Où en est la rénovation du Zoo de Vincennes ?

Des rumeurs contradictoires circulent de-ci et de là. Un appel d’offre
a été lancé par le Muséum d’histoire naturelle de Paris, mais lequel ?
S’agit-il d’un vrai appel d’offre ou d’une manière de retarder les échéances ?
D’aucuns remarquent qu’aucune ligne budgétaire n’a été fixée aux cabinets sélectionnés
et s’étonnent. D’autres pensent qu’il ne faut pas précipiter les choses mais s’interrogent
sur la méthode. Il devenait nécessaire de faire le point, d’interroger les uns et les autres.
Enquête et analyse.

I – Rappel : l’état animalier et financier des lieux
• Premier point : le billet est désormais à 5 euros pour les adultes et les enfants. Les animaux les plus emblématiques, les éléphants et les fauves sont partis : il reste 400 animaux sur les 1 200 du début.
Il y a eu baisse du prix du billet adulte qui était à 8 euros.
• Si l’effectif animalier a diminué de 66 %, la fréquentation qui était de 700 000 visiteurs en août 2004 s’établirait à 375 000 visiteurs en 2005, dont 50 000 gratuits. Le chiffre d’affaires annualisé,
sur cette base, serait passé d’environ 4 millions d’euros à 1,6 million d’euros.
• Il y avait enfin un risque pénal certain pour les gestionnaires, si un rocher se détachait sur la tête
d’un enfant ou d’un membre du personnel. Si une recherche en responsabilité intervenait,
elle pouvait même mettre en cause le ministre, mais la mise en sécurité des installations
(grâce à un déblocage de 1 million d’euros en urgence) le rend improbable.
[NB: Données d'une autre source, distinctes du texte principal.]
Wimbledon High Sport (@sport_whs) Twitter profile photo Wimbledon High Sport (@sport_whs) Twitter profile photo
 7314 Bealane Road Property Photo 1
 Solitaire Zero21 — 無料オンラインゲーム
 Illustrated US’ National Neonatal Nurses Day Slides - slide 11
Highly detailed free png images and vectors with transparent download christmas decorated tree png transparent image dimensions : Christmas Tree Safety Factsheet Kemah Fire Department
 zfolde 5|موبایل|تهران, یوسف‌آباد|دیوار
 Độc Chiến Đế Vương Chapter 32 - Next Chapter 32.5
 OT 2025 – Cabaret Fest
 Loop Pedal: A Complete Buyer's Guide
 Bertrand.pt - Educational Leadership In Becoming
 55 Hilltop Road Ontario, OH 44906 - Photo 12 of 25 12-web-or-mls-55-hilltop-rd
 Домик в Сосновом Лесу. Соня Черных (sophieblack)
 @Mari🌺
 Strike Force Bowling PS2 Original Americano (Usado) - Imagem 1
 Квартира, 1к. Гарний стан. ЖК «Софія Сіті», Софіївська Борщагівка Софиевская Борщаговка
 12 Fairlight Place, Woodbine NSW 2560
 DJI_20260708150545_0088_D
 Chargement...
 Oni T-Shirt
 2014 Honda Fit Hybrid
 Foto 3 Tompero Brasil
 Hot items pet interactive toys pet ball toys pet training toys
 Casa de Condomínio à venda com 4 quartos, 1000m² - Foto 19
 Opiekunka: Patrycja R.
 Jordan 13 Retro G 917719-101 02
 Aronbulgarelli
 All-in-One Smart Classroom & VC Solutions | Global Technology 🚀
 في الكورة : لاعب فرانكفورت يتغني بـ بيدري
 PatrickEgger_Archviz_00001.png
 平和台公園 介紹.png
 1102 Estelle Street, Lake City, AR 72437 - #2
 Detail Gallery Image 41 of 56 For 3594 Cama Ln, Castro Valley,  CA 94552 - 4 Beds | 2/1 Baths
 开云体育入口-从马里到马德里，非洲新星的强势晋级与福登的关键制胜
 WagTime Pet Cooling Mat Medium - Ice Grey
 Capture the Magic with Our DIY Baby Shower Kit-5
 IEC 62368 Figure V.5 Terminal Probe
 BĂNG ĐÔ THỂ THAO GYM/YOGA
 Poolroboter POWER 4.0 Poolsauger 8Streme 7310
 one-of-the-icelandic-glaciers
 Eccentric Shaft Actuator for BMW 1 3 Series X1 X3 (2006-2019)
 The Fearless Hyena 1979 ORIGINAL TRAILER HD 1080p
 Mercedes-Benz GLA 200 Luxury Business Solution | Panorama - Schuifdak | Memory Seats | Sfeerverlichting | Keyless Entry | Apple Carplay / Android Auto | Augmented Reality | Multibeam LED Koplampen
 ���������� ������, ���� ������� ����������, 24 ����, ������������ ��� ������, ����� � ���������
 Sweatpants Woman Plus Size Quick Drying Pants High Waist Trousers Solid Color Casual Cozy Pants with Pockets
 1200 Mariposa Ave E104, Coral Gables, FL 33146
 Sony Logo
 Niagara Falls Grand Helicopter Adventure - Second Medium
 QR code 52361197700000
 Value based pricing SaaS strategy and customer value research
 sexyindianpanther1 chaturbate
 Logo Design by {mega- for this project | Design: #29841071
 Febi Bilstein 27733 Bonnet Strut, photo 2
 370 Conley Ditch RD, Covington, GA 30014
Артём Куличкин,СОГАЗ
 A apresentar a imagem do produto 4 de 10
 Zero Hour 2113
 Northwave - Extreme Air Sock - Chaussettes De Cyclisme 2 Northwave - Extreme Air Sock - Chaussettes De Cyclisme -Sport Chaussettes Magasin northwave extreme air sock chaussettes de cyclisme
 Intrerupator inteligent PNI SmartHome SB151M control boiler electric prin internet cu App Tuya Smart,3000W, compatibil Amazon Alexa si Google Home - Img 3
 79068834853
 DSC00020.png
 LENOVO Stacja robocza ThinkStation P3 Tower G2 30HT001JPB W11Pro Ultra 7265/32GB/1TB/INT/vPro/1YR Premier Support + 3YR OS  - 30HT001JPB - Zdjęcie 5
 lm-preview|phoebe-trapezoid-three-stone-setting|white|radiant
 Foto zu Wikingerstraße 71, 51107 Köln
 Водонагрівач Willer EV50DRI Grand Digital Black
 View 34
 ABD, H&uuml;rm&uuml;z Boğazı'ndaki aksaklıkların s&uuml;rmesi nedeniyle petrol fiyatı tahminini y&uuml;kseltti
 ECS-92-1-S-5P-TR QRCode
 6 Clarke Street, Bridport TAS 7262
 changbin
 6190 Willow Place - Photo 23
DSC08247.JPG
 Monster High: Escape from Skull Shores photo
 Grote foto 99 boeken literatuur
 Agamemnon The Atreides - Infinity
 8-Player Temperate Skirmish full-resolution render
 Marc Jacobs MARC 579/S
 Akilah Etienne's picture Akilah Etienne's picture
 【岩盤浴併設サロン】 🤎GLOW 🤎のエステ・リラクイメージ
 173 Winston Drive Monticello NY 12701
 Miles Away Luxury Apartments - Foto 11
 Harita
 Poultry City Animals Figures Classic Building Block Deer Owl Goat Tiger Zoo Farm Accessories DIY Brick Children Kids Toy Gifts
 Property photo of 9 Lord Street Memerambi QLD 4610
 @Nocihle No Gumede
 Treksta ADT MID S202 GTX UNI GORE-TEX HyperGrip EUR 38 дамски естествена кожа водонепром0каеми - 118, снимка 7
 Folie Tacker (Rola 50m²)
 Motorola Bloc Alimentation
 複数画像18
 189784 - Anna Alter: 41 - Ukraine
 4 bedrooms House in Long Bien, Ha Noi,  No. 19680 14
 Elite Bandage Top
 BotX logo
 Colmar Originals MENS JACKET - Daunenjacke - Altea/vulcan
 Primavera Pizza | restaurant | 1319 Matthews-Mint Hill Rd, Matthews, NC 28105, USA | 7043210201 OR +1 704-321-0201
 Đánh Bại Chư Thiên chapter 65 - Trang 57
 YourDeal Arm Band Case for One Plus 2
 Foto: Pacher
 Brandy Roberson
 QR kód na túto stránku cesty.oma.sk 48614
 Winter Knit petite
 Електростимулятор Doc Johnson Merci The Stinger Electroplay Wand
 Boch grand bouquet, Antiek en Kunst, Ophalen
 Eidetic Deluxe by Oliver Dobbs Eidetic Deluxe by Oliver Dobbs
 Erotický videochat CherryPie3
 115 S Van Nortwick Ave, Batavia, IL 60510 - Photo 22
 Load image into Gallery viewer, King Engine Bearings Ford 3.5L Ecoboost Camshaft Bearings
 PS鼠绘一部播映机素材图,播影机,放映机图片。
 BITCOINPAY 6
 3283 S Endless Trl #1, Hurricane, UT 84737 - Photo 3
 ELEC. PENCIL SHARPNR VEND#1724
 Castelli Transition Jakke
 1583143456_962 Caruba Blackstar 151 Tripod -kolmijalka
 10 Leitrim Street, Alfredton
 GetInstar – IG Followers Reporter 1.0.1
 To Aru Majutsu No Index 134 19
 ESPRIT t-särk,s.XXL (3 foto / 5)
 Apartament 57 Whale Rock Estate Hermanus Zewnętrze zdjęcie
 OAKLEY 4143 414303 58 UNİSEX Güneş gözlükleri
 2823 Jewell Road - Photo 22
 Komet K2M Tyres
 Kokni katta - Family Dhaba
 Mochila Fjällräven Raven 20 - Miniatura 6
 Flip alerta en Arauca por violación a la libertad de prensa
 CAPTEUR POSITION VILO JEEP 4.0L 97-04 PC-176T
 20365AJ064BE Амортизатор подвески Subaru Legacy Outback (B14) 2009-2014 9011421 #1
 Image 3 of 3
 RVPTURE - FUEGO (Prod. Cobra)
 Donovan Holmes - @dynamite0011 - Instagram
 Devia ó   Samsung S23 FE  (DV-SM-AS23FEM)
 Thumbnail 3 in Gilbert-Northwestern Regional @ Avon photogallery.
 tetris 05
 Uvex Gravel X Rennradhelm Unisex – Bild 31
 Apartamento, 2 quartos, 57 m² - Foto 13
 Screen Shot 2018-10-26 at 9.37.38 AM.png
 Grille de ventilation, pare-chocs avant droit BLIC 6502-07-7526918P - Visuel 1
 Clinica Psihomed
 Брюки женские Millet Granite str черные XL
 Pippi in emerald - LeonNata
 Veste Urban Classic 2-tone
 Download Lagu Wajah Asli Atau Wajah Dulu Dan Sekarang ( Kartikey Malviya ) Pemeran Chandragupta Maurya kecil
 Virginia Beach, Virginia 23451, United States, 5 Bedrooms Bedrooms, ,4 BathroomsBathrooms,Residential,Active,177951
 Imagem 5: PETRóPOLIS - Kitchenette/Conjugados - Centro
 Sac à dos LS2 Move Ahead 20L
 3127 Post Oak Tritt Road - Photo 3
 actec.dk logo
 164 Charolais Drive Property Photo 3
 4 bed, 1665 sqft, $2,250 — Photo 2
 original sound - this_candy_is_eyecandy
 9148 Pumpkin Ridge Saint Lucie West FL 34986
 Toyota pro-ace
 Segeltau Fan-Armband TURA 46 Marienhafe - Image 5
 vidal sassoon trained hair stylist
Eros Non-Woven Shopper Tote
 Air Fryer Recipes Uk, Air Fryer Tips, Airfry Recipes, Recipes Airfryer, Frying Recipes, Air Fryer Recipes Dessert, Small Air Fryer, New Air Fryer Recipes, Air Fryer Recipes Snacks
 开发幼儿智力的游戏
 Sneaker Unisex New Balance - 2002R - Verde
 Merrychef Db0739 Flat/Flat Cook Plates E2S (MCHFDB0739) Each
II – L’appel d’offre : le texte
Le 11 février 2005, un appel d’offre concernant le Zoo de Vincennes est publié dans Le Moniteur.
En voici l’essentiel :
« A partir des orientations philosophiques, culturelles et scientifiques fixées par le Muséum,
les 3 équipes sélectionnées devront dans un premier temps et de façon quasi-simultanée élaborer,
en relation étroite avec le Muséum, le programme général de rénovation du Parc zoologique
de Paris.
Au cours d’une première phase, chaque équipe devra séparément proposer au Muséum
par étape successive et à l’appui des esquisses architecturales, scénographiques et paysagères,
le programme détaillé du projet dessiné de rénovation du parc zoologique de Paris.
Les 3 études de définition abouties seront finalement présentées à un jury constitué
de membres choisis par le Muséum qui désignera l’équipe lauréate.
• Quantité (fourniture et services), nature et étendue des travaux : description :
– le maître d’ouvrage a choisi de confier simultanément à 3 équipes différentes, une mission
d’étude de définition du projet de rénovation du parc zoologique de Paris.
– le présent avis d’appel à la concurrence a pour but de sélectionner les 3 équipes qui seront
retenues.
– les équipes seront principalement constituées d’un programmateur, d’une équipe classique
de maîtrise d’ouvrage et d’un zoologue.
– en outre, des compétences seront nécessaires dans les disciplines suivantes : conservation
des espèces animales sauvages ex situ, sciences vétérinaires, urbanisme, paysage, scénographie, ingénierie financière, ingénierie touristique, ingénierie financière et ingénierie dans
le domaine du développement durable.
• Modalités de choix des équipes :
presélection de 5 à 7 candidats sur dossier à partir des compétences, références et moyens
de l’équipe ; les candidats présélectionnés devront à partir d’un cahier des charges qui leur
sera remis par le maître d’ouvrage, produire un projet d’intention sur la compréhension du projet,
l’organisation des travaux et la méthode proposée [...]
• [...] Critères d’attribution :
offre économiquement la plus avantageuse appréciée en fonction des critères énoncés dans le cahier des charges (règlement de la consultation, lettre d’invitation).
• Sélection des 3 équipes le 17 mai 2005.
• Fin probable de leur travail : 20 semaines plus tard. »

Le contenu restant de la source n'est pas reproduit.